My mother was born in a refugee camp in Austria. My father was an ethnic-German refugee from Romania. They came to America in the 1950s, met each other in Chicago, got married, and raised an American family. I never experienced the hardships of being a refugee, but I've heard the stories my entire life. It's hard to imagine not having empathy for people in that situation, but maybe I'm just too close to it.
I should say that I never post political things on facebook (unlike this blog), precisely because I don't want my friends getting into a nasty fight--and I have friends on all sides of the spectrum. But I honestly thought this was an innocuous comment. I just wanted to express my concern for the refugees. What could be controversial about that? Holy crap did that unleash a shitstorm. Most comments were supportive (or defended me from the ones who were not), but there were a few that got pretty upset with me. Here are a few of the over 100 responses...
*My parents and grandparents and great grandparents and uncle came here from Ukraine in 1952. All legal, followed all laws, paid taxes and worked their asses off and appreciated the opportunity to be here. Important to note Ukraine was not a hot bed for terrorists and never sent terrorists to kill Americans. If people don't know the difference between our ancestors and our situation today they should stay off FB until they learn some history not to mention facts. Saturday over 3000 entered the US and 109 were "temporarily" detained. Proud of my family for teaching me to respect this country even when I might disagree with an issue. And while the whiners were out in full force this weekend the US came to agreements with other nations to establish Safe Cities. Which Obama should have done. THAT is not only having empathy but actually better than splitting families apart shipping them all over the world. Empathy and wisdom can work well when given a chance.
*Muslim Sharia Law worries me. It's legal to kill gays and treat women like cattle. Why would we import people with that intolerant mindset??
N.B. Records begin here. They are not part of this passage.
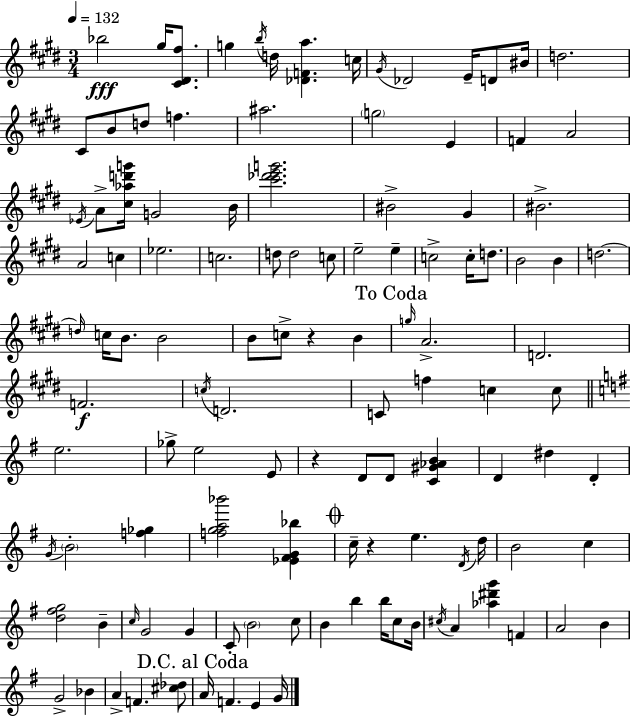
Bb5/h G#5/s [C#4,D#4,F#5]/e. G5/q B5/s D5/s [Db4,F4,A5]/q. C5/s G#4/s Db4/h E4/s D4/e BIS4/s D5/h. C#4/e B4/e D5/e F5/q. A#5/h. G5/h E4/q F4/q A4/h Eb4/s A4/e [C#5,Ab5,D6,G6]/s G4/h B4/s [C#6,Db6,E6,G6]/h. BIS4/h G#4/q BIS4/h. A4/h C5/q Eb5/h. C5/h. D5/e D5/h C5/e E5/h E5/q C5/h C5/s D5/e. B4/h B4/q D5/h. D5/s C5/s B4/e. B4/h B4/e C5/e R/q B4/q G5/s A4/h. D4/h. F4/h. C5/s D4/h. C4/e F5/q C5/q C5/e E5/h. Gb5/e E5/h E4/e R/q D4/e D4/e [C4,G#4,Ab4,B4]/q D4/q D#5/q D4/q G4/s B4/h [F5,Gb5]/q [F5,G5,A5,Bb6]/h [Eb4,F#4,G4,Bb5]/q C5/s R/q E5/q. D4/s D5/s B4/h C5/q [D5,F#5,G5]/h B4/q C5/s G4/h G4/q C4/e B4/h C5/e B4/q B5/q B5/s C5/e B4/s C#5/s A4/q [Ab5,D#6,G6]/q F4/q A4/h B4/q G4/h Bb4/q A4/q F4/q. [C#5,Db5]/e A4/s F4/q. E4/q G4/s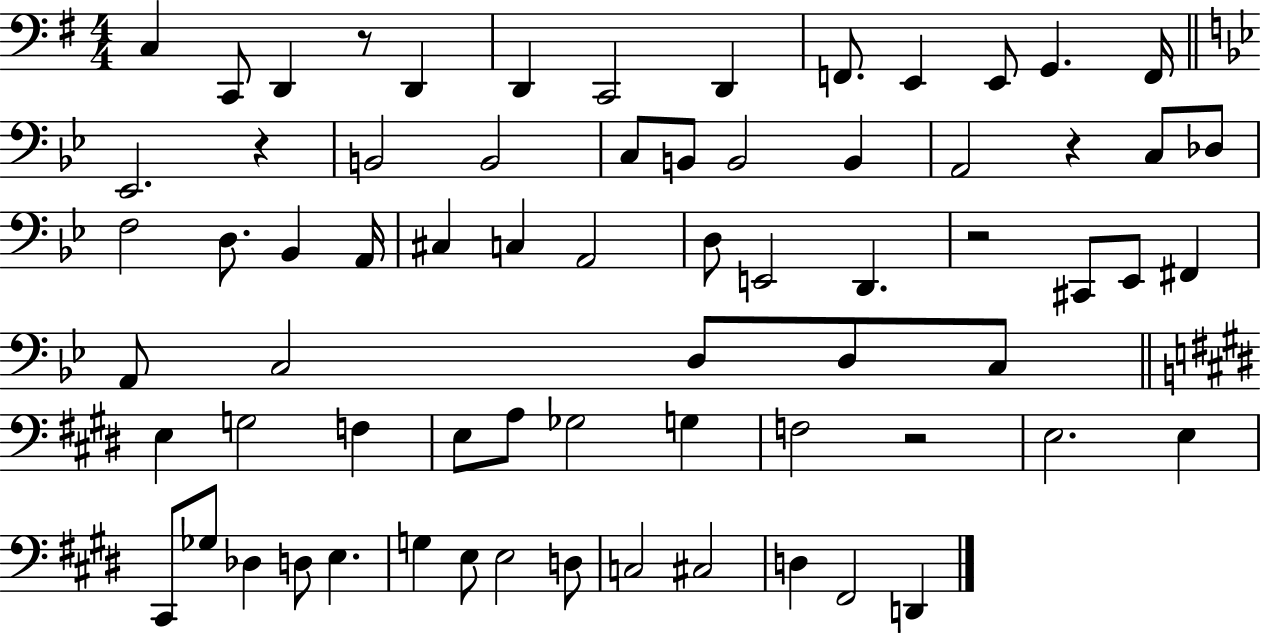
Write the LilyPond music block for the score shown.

{
  \clef bass
  \numericTimeSignature
  \time 4/4
  \key g \major
  c4 c,8 d,4 r8 d,4 | d,4 c,2 d,4 | f,8. e,4 e,8 g,4. f,16 | \bar "||" \break \key bes \major ees,2. r4 | b,2 b,2 | c8 b,8 b,2 b,4 | a,2 r4 c8 des8 | \break f2 d8. bes,4 a,16 | cis4 c4 a,2 | d8 e,2 d,4. | r2 cis,8 ees,8 fis,4 | \break a,8 c2 d8 d8 c8 | \bar "||" \break \key e \major e4 g2 f4 | e8 a8 ges2 g4 | f2 r2 | e2. e4 | \break cis,8 ges8 des4 d8 e4. | g4 e8 e2 d8 | c2 cis2 | d4 fis,2 d,4 | \break \bar "|."
}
*Mine we're from germany and afew other countries they worked ,, paid their taxes, raised their children to be polite and respectful to everyone. and appreciate the fact that they could live in a land of opportunity and a better life for their children.... the differance is that they respected america and learned our language and didn't try to make america conform to how they lived in countries where they came from and these people are offended by everything about us.. ... that's not america..i have a great grandma that came from poland with stories of hell there that they ran from too. it's in everyones family.. we sure don't want our children reliving that hell..
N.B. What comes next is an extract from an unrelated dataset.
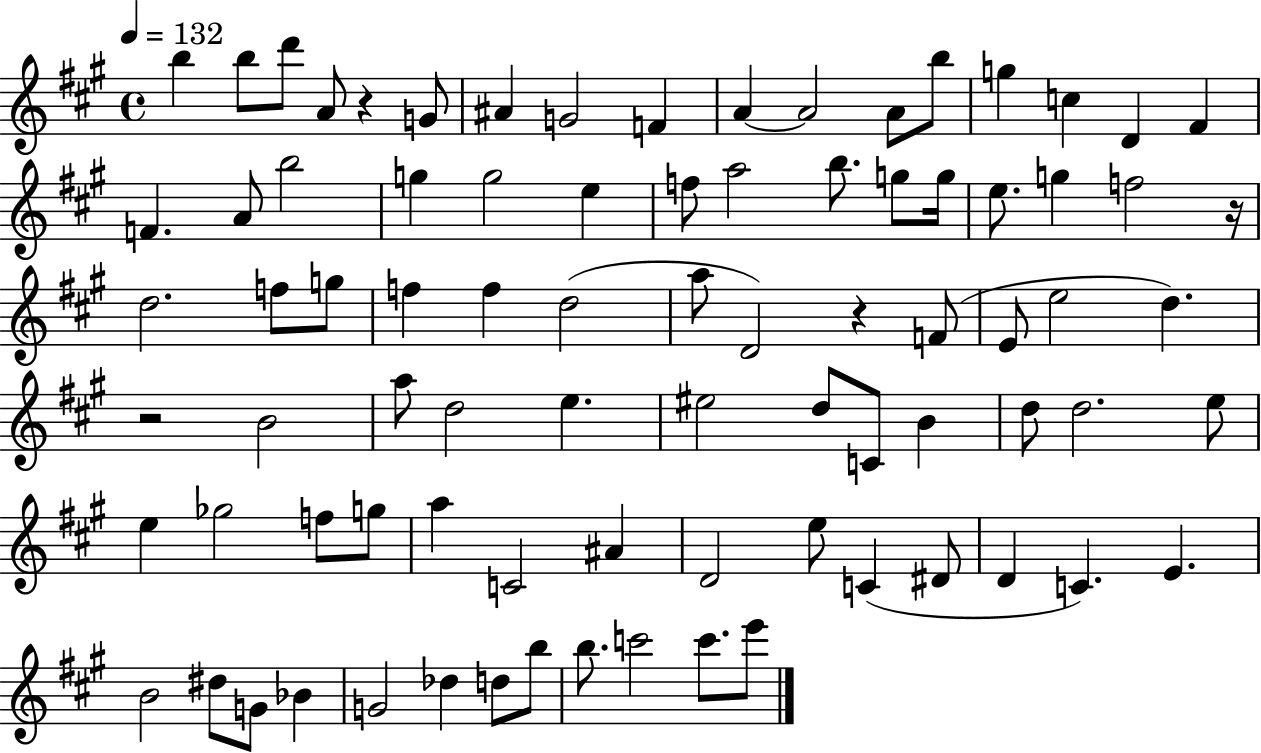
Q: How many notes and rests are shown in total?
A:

*Rick, its the kind that want to blow us up that we're trying to keep out.
*This ban has nothing to do with empathy. Not sure why you're throwing empathy into the mix.
Some pretty sweeping generalizations about these refugees who aren't even here yet, but I'm guessing no amount of reason (and some of my other friends tried--some more respectfully than others) will change the mind of anyone who commented.
One of the comrmenters was a friend of 30 years who felt I didn't support him enough when my other friends went after him. He implied that our friendship was now over.
I'm guessing the word empathy no longer means what it once did.
What in the world is happening to this country?
LATE UPDATE: Cardinal Blase Cupich said the following...
“This weekend proved to be a dark moment in U.S. history. The executive order to turn away refugees and to close our nation to those, particularly Muslims, fleeing violence, oppression and persecution is contrary to both Catholic and American values. Have we not repeated the disastrous decisions of those in the past who turned away other people fleeing violence, leaving certain ethnicities and religions marginalized and excluded? We Catholics know that history well, for, like others, we have been on the other side of such decisions.”